I noticed that my straight (Ralf Aust Solingen 6/8) is not as sharp in the middle as on the sides. I examined the bevel with a loupe and found out that the bevel became thin in the middle. I suspect the main reason for it is that I used 2 inch linen strop with crox on it, not with X stroke, but doing left side and right side, so the middle got more exposure. It looks like the blade geometry is fine. I set the bevel myself on the 4k Norton using circle strokes, it gave decent but not great shaves. Maybe my original bevel was faulty all along? I'm confused. Could crox have such a pronounced effect on the bevel?

Now, what do I do? Reset the bevel?
 
Pix might help.
Bevels don't need to be perfectly sized along the length of the blade. If the bevel is good - it's good; the edge will cut well if the rest of the work is done well. I have a new razor here, theh bevel gets way thin up at the toe. The grind is off, and instead of honing the snot out of it to make the bevel wider there - I left it. Shaves great too. Subsequent honings will correct it, for now it's fine though.
 
Pix might help.
Bevels don't need to be perfectly sized along the length of the blade. If the bevel is good - it's good; the edge will cut well if the rest of the work is done well. I have a new razor here, theh bevel gets way thin up at the toe. The grind is off, and instead of honing the snot out of it to make the bevel wider there - I left it. Shaves great too. Subsequent honings will correct it, for now it's fine though.

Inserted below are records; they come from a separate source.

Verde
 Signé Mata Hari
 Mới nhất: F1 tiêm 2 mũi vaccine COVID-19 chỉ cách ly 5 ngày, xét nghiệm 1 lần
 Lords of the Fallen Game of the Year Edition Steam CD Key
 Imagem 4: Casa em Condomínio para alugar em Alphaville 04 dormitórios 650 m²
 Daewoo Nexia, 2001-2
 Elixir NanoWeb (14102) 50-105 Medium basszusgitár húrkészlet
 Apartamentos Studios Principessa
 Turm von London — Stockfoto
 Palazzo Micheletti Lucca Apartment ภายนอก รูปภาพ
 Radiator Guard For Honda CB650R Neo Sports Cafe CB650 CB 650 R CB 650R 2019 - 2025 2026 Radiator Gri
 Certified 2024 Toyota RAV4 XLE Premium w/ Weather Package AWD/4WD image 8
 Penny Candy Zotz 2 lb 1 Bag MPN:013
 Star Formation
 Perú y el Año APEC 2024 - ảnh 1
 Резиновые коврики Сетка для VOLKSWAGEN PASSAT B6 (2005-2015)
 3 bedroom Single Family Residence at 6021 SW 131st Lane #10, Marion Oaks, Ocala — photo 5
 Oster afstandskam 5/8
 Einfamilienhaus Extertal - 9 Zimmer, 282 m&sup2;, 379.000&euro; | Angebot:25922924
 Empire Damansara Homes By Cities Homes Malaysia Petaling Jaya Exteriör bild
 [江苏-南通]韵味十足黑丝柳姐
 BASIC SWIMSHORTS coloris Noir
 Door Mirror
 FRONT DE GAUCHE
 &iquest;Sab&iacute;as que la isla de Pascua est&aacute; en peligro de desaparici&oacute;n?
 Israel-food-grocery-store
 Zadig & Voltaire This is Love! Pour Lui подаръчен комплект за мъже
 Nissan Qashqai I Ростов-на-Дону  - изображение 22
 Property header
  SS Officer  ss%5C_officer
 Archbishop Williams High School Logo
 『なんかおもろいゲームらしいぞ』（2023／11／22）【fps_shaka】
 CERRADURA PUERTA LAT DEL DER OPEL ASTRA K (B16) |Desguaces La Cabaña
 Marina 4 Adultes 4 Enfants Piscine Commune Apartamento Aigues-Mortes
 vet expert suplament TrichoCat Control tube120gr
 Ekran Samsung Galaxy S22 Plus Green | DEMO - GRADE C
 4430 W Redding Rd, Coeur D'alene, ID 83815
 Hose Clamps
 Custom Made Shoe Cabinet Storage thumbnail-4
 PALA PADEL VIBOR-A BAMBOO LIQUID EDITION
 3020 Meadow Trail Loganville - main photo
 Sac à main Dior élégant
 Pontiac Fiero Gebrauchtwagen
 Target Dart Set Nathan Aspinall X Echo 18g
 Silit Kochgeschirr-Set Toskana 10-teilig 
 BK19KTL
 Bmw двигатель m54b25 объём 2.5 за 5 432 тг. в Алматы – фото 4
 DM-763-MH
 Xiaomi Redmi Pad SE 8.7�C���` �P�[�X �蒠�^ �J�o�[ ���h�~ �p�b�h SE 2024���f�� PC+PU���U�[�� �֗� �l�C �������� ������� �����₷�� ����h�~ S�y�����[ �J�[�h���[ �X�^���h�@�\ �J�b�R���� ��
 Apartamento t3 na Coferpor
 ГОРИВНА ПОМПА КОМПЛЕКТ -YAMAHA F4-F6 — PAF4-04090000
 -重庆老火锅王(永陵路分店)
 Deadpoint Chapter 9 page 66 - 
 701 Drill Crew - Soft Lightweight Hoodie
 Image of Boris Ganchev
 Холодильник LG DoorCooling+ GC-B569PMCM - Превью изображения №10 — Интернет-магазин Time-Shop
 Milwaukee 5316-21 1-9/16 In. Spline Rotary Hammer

Thanks! In fact, I got my closest, but not the most comfortable shave out of it yesterday after touch up on 8k lathered Norton. ATG pass felt a bit rough. What concerns me is that on my thumb-pad I feel that the razor is slightly not as sharp in the middle.
 
Could be many reasons for that - most sharpness is established during the early work, so you may wind up needing to rework the bevel.
there could be a slight warp, or something along those lines, that's preventing you from hitting the edge perfectly along the bevel too.
 
Could be many reasons for that - most sharpness is established during the early work, so you may wind up needing to rework the bevel.
there could be a slight warp, or something along those lines, that's preventing you from hitting the edge perfectly along the bevel too.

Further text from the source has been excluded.